Routing Based SSRF
SSRF through Host Header Injection
In this blog, we will discuss about host header injection attack and how it is chained to perform SSRF (Server-Side Request Forgery). Firstly, let’s understand what SSRF and Host Header Injection are. For the exploitation part we will also see a demonstration on PortSwigger academy’s lab.
Server-Side Request Forgery
SSRF occurs when an attacker tricks a web application into making unauthorized requests to unintended location.
By exploiting SSRF, attackers can send requests to both external and internal servers, bypassing security measures. This is often used maliciously to gain access to internal networks, local systems, or facilitate other types of attacks.
Host Header Injection
Host Header Injection is an attack that exploits the vulnerability in how web servers and applications process the Host header in HTTP requests.
Attackers can manipulate the Host header to deceive the server into treating the request as coming from a different domain than it actually is. Attackers achieve this by injecting malformed or spoofed Host header values into the HTTP requests, tricking the server into processing the request in unintended ways.
Exploitation
Now that we have cleared the basics out, let’s see how we can detect such host header injection attacks and chain it to perform SSRF.
Detection
Here, in the lab, we are presented with a simple webpage. Let’s inspect the traffic through our proxy.
There’s not much to see but a /
GET call to request the home page. Now, let's check for host header injection by entering any other Hosts in the field. Let’s enter our burp collaborator’s IP to listen for any request that is made from the web application.
On doing so, we got a 200 OK
response from the server. Let’s check what our collaborator has received.
We can see the application tried to fetch our collaborator IP which is the Host that we provided. So, we could verify that the application was vulnerable to host header injection.
Exploitation
Now, let’s try to perform SSRF leveraging this host header injection attack. Here, we can FUZZ the internal IP in the host field to figure out where the application is running. In a real world scenario, we can fuzz all A, B and C classes of private IP to determine the location of the service running internally. However, in this lab we are provided that the admin page is hosted within 192.168.0.0/24
network. The /24
range contains total of 256 IPs. So, let's take the request to the burp’s intruder and fuzz the whole range of /24
subnet.
Select the Numbers List up from 0 to 255 (256 iterations) as payload and start the attack.
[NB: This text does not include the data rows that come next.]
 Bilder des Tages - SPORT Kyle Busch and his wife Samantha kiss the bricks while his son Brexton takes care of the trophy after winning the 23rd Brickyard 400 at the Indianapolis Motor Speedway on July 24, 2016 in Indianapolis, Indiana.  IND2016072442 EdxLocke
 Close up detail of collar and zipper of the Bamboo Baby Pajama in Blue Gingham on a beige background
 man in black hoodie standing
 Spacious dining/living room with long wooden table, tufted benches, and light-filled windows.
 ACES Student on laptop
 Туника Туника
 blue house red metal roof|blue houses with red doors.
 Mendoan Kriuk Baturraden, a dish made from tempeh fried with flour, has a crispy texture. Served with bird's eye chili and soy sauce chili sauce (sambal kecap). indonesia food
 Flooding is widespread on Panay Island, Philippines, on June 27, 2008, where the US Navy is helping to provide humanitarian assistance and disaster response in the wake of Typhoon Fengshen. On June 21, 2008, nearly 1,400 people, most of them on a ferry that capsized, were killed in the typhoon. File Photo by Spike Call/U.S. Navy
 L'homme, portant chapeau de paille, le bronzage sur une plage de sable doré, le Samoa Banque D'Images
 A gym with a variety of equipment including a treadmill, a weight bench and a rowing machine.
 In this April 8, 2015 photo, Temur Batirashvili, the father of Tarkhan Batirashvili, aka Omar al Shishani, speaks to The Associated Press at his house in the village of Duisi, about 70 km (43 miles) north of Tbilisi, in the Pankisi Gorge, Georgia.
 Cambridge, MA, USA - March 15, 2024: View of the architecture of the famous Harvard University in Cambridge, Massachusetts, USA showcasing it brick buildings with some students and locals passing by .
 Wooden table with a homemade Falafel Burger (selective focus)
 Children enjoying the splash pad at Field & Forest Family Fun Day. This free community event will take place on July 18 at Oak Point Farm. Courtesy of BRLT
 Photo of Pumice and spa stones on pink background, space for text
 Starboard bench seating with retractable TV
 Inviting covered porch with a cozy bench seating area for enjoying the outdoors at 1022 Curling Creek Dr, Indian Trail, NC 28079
Finally, we can see among all the requests sent through the intruder, 192.168.0.185
has redirected to /admin
which is the admin page hosted internally. Following the redirection, let’s view the page.
In the admin page we could see a user deletion form. Sending POST request to /admin/delete
with the csrf
token and username
parameter could delete any user. This is how we could perform SSRF leveraging the host header injection.
Finally, the request to delete the user is sent, and the user is deleted. We were able to forge the request on behalf of the application or the server to perform unauthorized and high-privilege actions. This is how we can perform SSRF by chaining it with host header injection.
Remedies
- Employ server-side validation for host headers.
- Use whitelist approach for validations.
- Set host header explicitly.
In this blog, we discussed about host header injection attack and how it can be chained to perform SSRF.